EXERCISE PROMPT: Leave every picture out and print exactly the lines that run from the one containing "Bunny Grass Peach 01 Poster och Canvastavla" to the end of the listing.

=-=-=

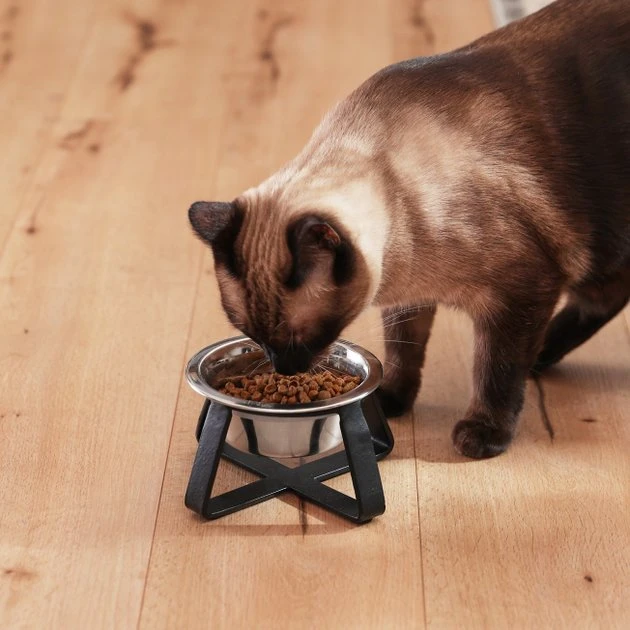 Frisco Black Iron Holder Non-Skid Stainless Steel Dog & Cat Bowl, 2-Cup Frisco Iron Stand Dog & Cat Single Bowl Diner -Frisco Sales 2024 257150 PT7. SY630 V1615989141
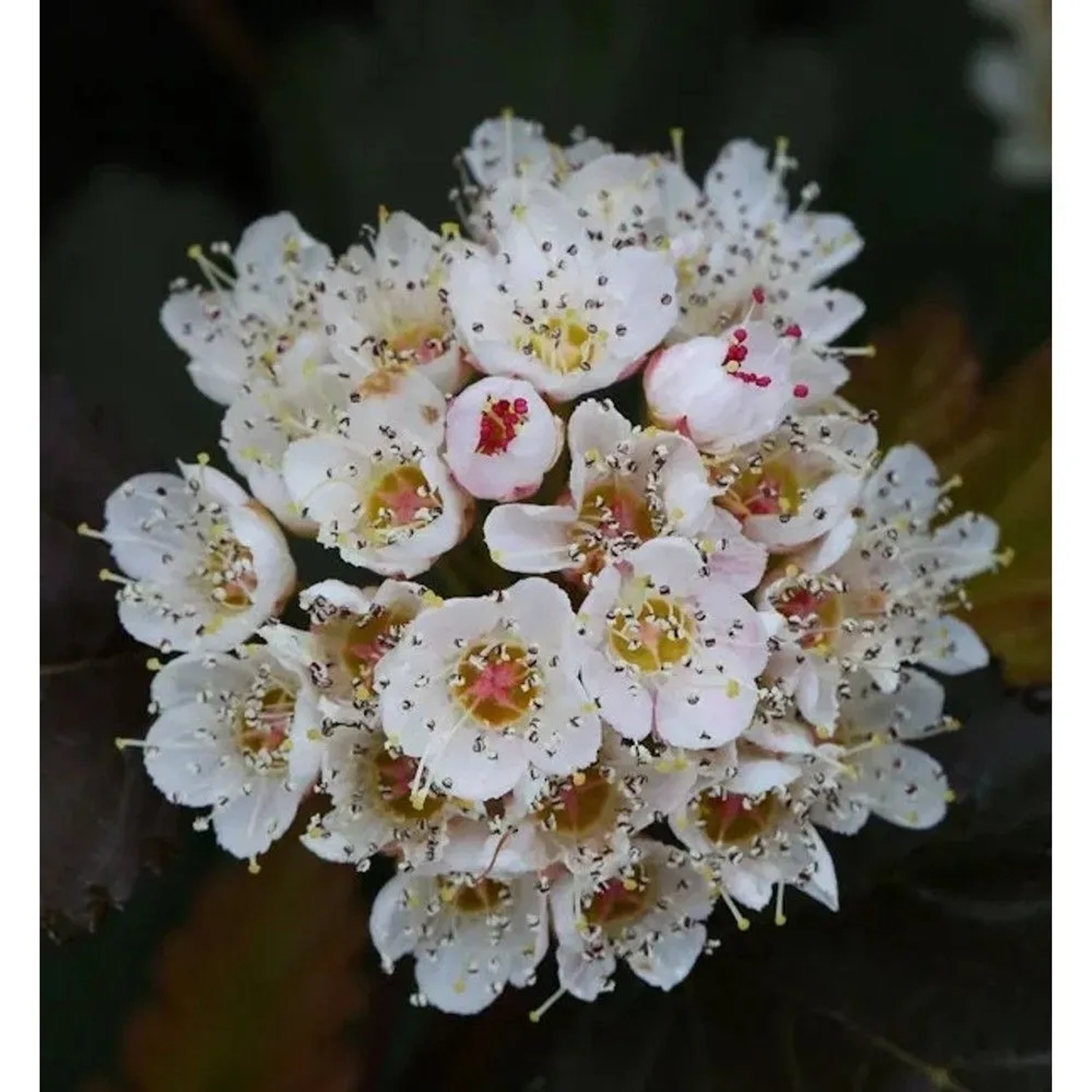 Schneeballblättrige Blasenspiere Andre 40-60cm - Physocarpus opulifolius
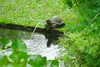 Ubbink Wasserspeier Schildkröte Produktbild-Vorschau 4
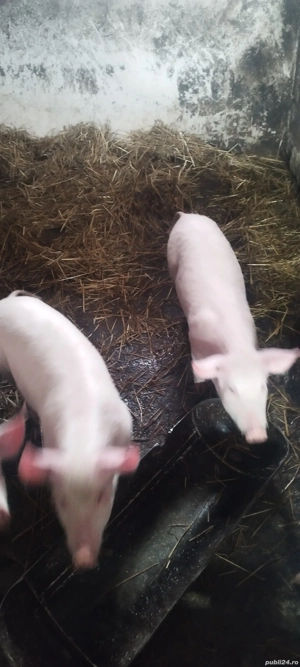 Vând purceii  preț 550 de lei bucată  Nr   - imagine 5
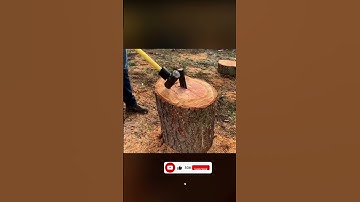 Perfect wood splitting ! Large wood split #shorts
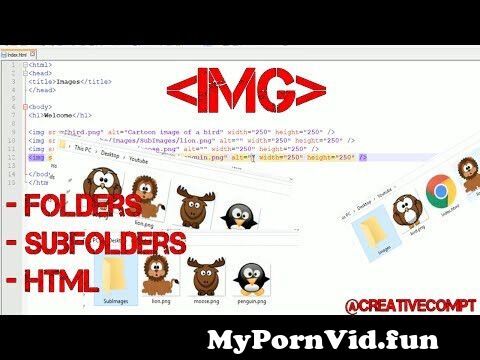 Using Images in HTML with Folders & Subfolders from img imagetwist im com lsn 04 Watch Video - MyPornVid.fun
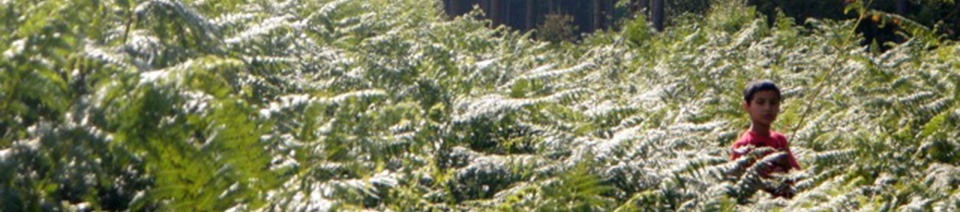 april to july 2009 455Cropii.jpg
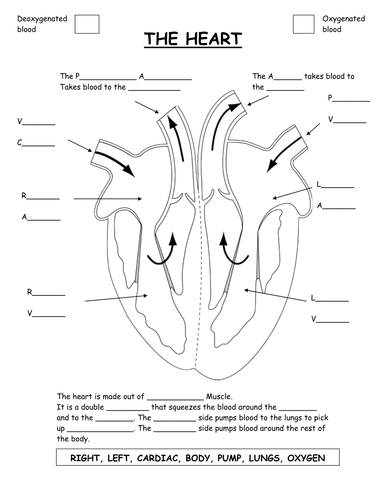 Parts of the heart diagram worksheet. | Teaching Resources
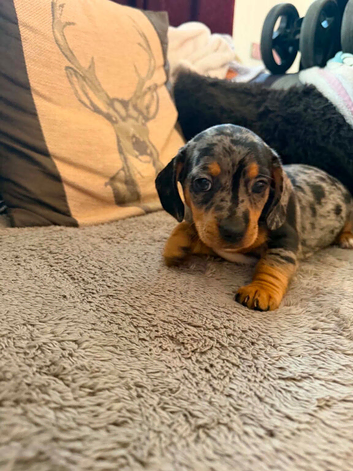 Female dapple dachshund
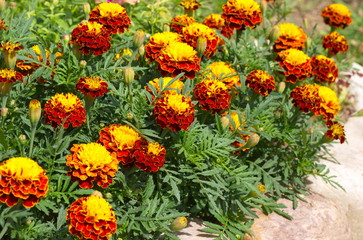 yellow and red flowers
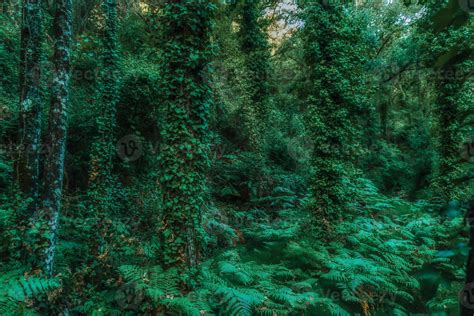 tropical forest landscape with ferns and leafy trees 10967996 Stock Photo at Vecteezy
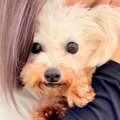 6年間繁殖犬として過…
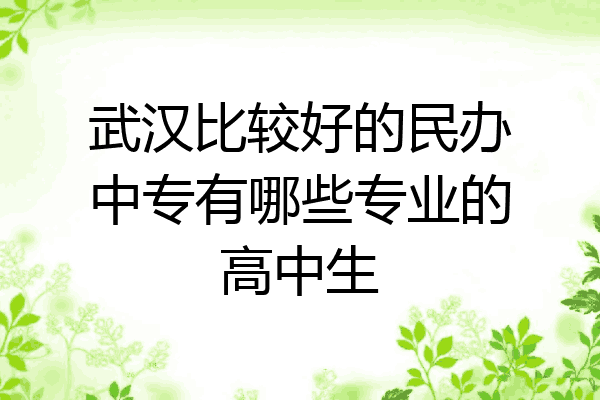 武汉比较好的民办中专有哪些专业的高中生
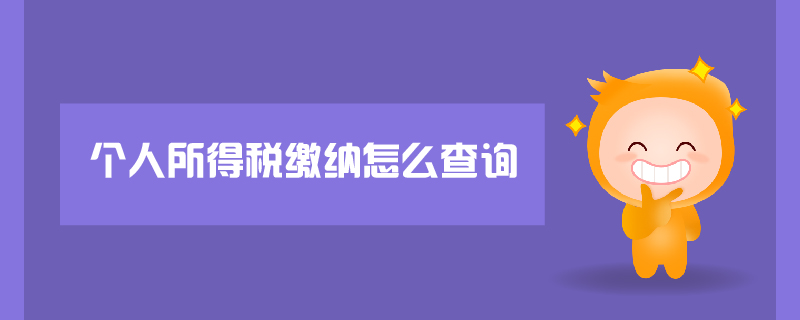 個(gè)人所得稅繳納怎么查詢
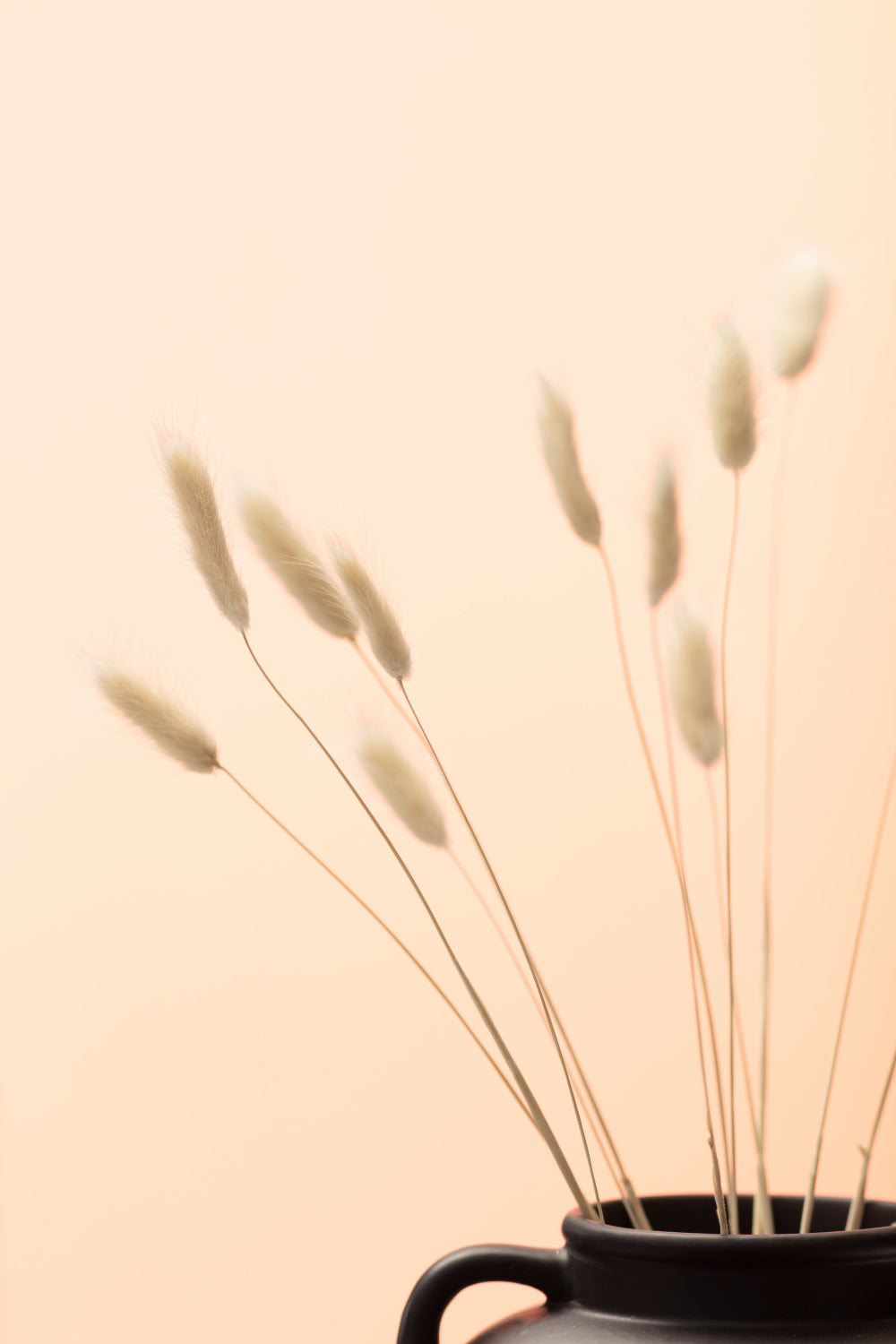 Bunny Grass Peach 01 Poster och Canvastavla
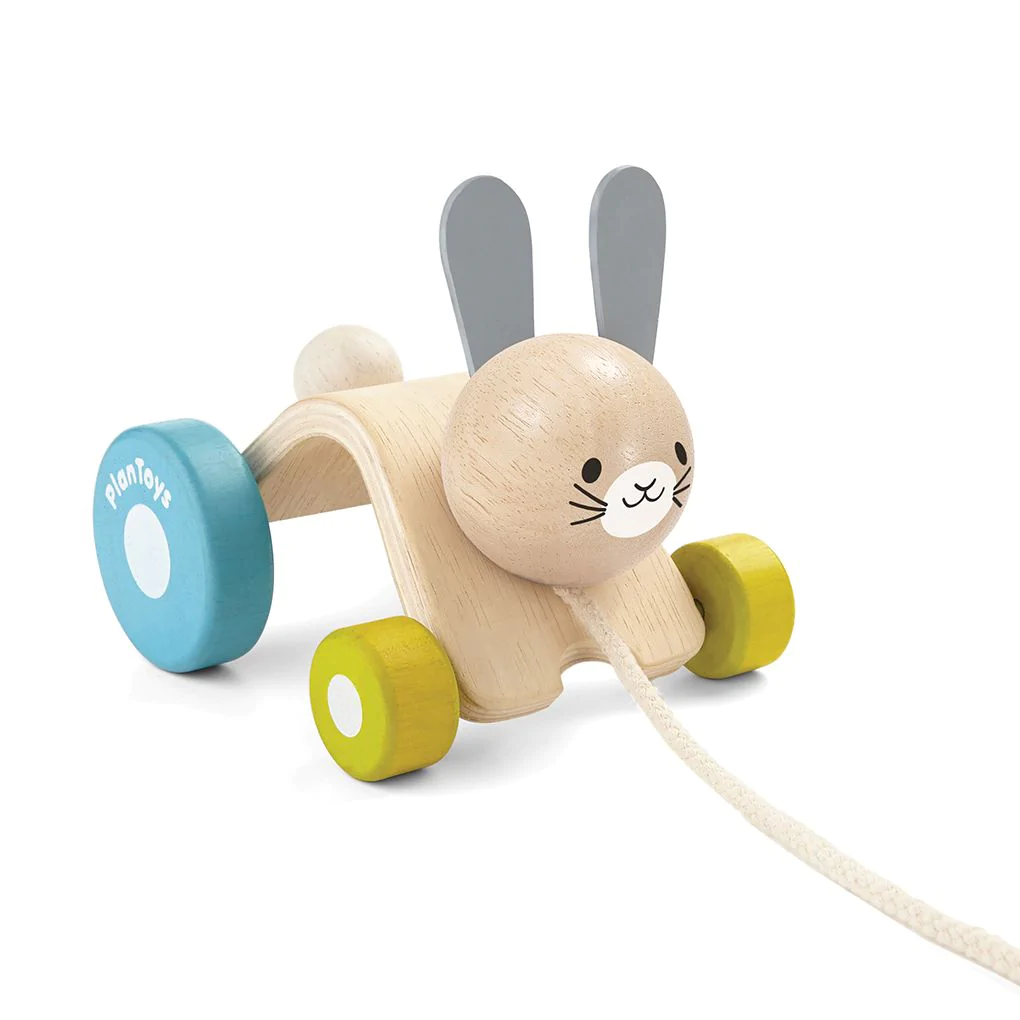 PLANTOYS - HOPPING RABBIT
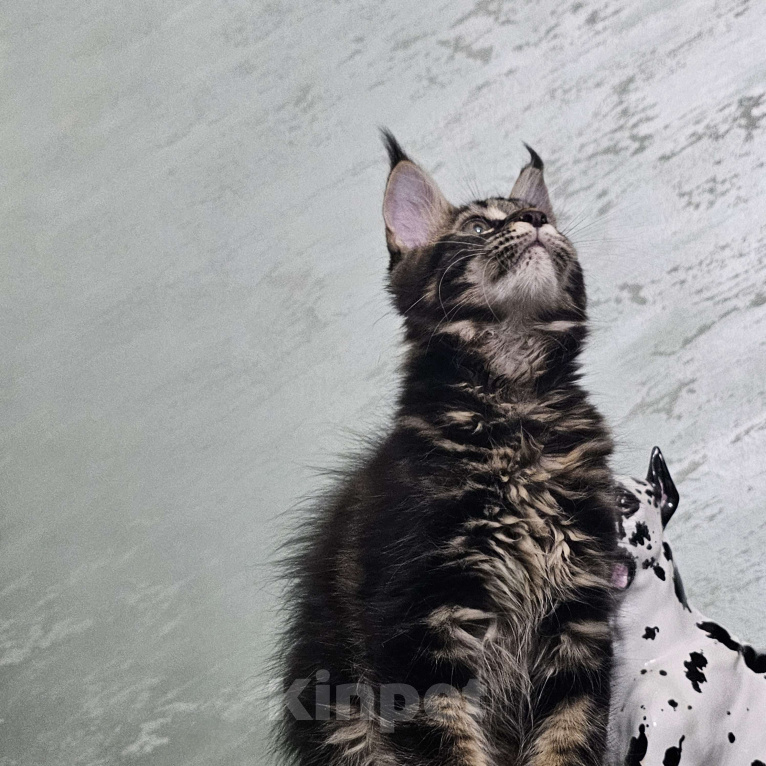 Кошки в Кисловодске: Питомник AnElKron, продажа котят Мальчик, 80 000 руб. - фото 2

=-=-=

RESPONSE AREA:
 Bunny Grass Peach 01 Poster och Canvastavla
 PLANTOYS - HOPPING RABBIT
 Кошки в Кисловодске: Питомник AnElKron, продажа котят Мальчик, 80 000 руб. - фото 2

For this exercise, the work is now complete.